Thomas Kreuz has multiple van Rossum Matlab code posted on his website, but they don’t work when \(\tau<20ms\).

Schreiber Distance

This dissimilarity measure also have a data-effective method of \(O(N_iN_j)\), given in Paiva 2010.

\[d_{CS}(S_i, S_j)=1-\frac{\sum_{m=1}^{N_i}\sum_{n=1}^{N_j}exp[-\frac{(t_m^i-t_n^j)^2}{2\sigma^2}]}{\sqrt{(\sum_{m,n=1}^{N_i}exp[-\frac{(t_m^i-t_n^i)^2}{2\sigma^2}])(\sum_{m,n=1}^{N_j}exp[-\frac{(t_m^j-t_n^j)^2}{2\sigma^2}])}}\]

Generating Test Signals

Signals were generated using Leslie Smith and Nhamoinesu Mtetwa’s Noisy Spike Generator MATLAB Software v1.1 (NSG) using makeReferenceSignals.m.

Sampling rate was set to 31250Hz since that is the sample rate of the wireless headstages. This frequency is greater than the maximum Plexon ADC frequency of 20,000Hz, but offline analysis may simply use interpolation.

Notes on using this toolbox:

  1. The main script generatenoisysamples.m outputs a final signal that includes noise from uncorrelated spike noise, correlated spike noise, and Gaussian noise. The NoiseSNR only sets the Gaussian noise level. As this validation is on recording quality, not spike sorting algorithm, I modified that script to not include the uncorrelated and correlated spike noise in the final output.

  2. While the manual of the toolbox claims that the spike duration can be changed by changing the T_Delta_Integrate and N_Delta_integrate parameters (spike duration is T_Delta_Integrate X N_Delta_Integrate). However, changing these parameters simply changes how many samples it takes from a pre-generated template file. These template files were generated by the author and the script used was not available. Regardless, the default spike duration of ~1.8ms, while longer than most motor cortex spikes we encounter, can still be sorted and detected by all three systems teseted.

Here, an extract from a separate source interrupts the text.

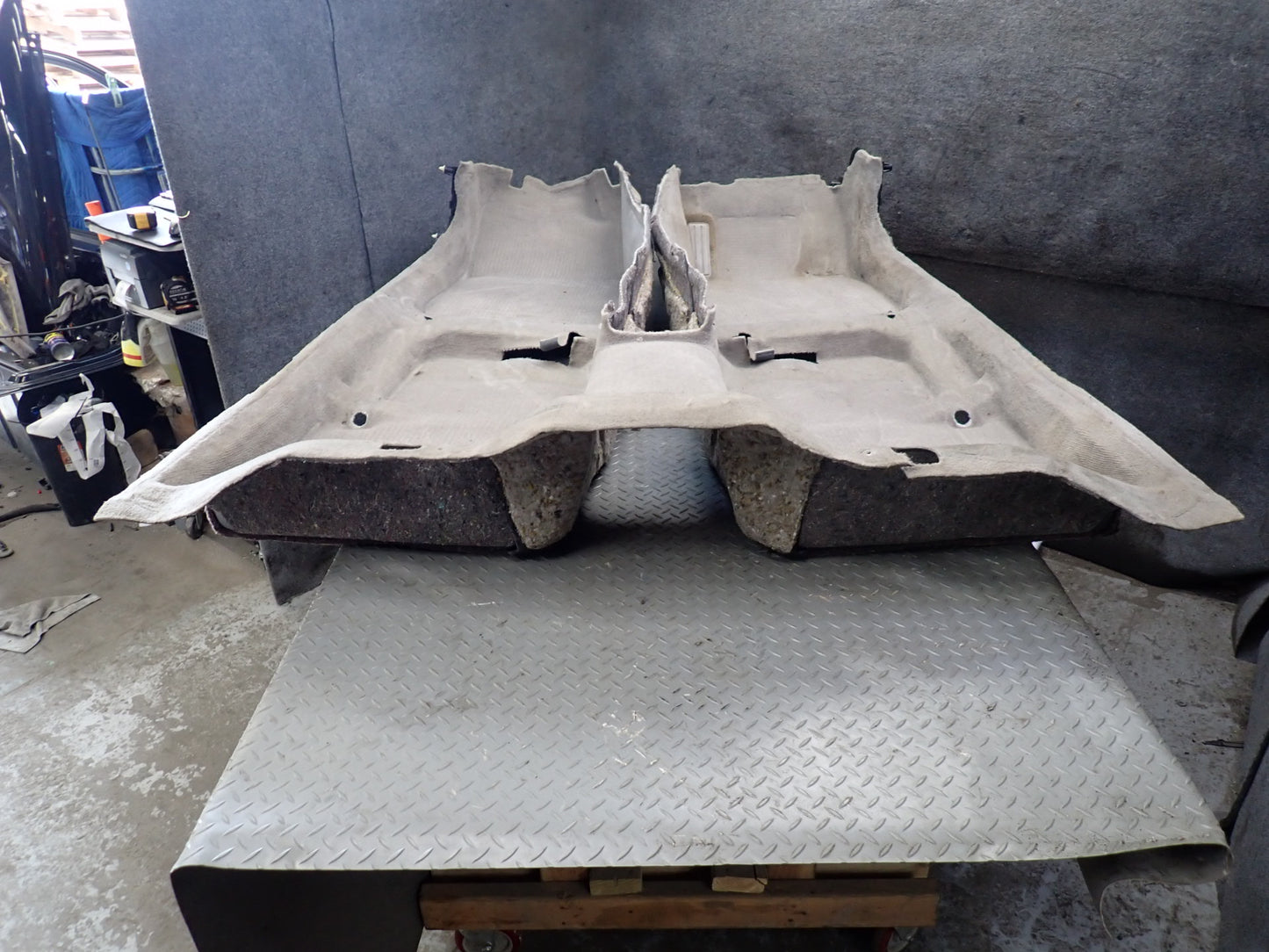 99-01 Toyota Crown JZS175 Interior Floor Carpet Liner Cover Gray OEM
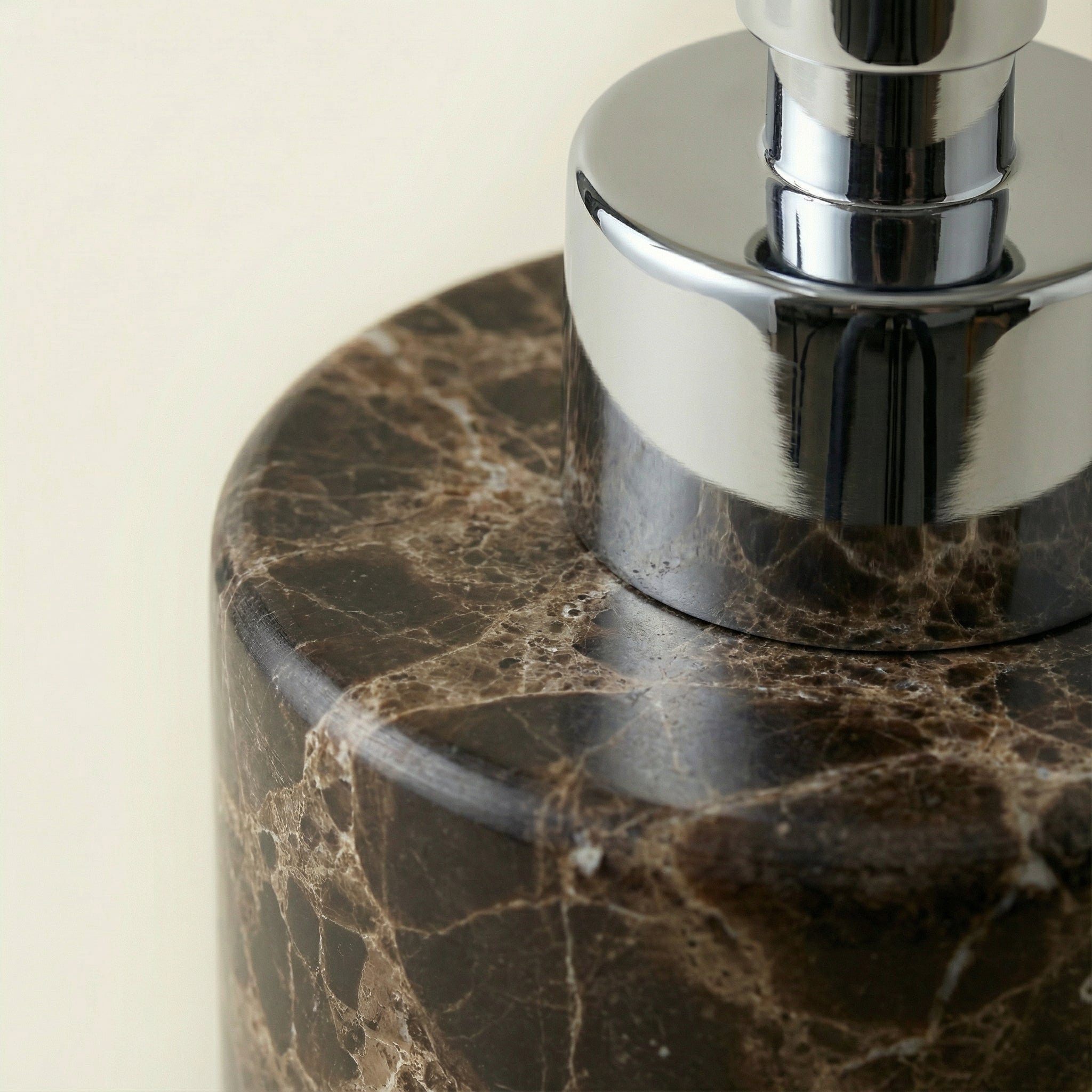 Dispenser in Emperador Dark - Collezione Minimal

Aligning Reference with Recording

After the reference signals are generated, they are converted to .wav files with Fs=31250Hz. All audio signals (including those with two distinct spikes firing) are available on soundcloud. The audio signals then goes through the Plexon headstage test board, to which the wireless and plexon headstage may connect.

As mentioned in Validation of signal quality I, since the reference signal and the recording cannot be started and stopped at exactly the same time, some alignment needed to be done before applying the spike train measurements.

The reference and recording are aligned in the start by aligning the peak of the first spike in the reference with that of the recording. I use the recorded analog waveform, rather than the recorded spike times for alignment because the first spike may not be detected, and it’s easier to examine the alignment quality visually from the analog waveforms.

The first spike peak of the reference signal is easily found by doing peak-finding on a 5ms window after the first spike-time (which is known). The spike times generated by NSG marks the beginning of a spike, not the peak.

When SNR is high, peak-finding on the recording can also find the peak of the first recorded spike pretty easily. But with lower SNR, the noise level gets higher and the MinPeakHeight parameter of MATLAB’s findpeaks() must be adjusted so that a noise peak is not being mistaken for a signal peak. Of course, it’s not always possible to align two signals, contributing to bad spike train comparison. The best MinPeakHeight for found this way for each recorded signal is in compare_signals.m. The script checkAlignment.m helps with that.

For the end of the recording signal - sometimes when I don’t stop the input audio signal in time, extra signal is recorded. Thus after alignment, I cut the recording to within 102 seconds of the alignment start.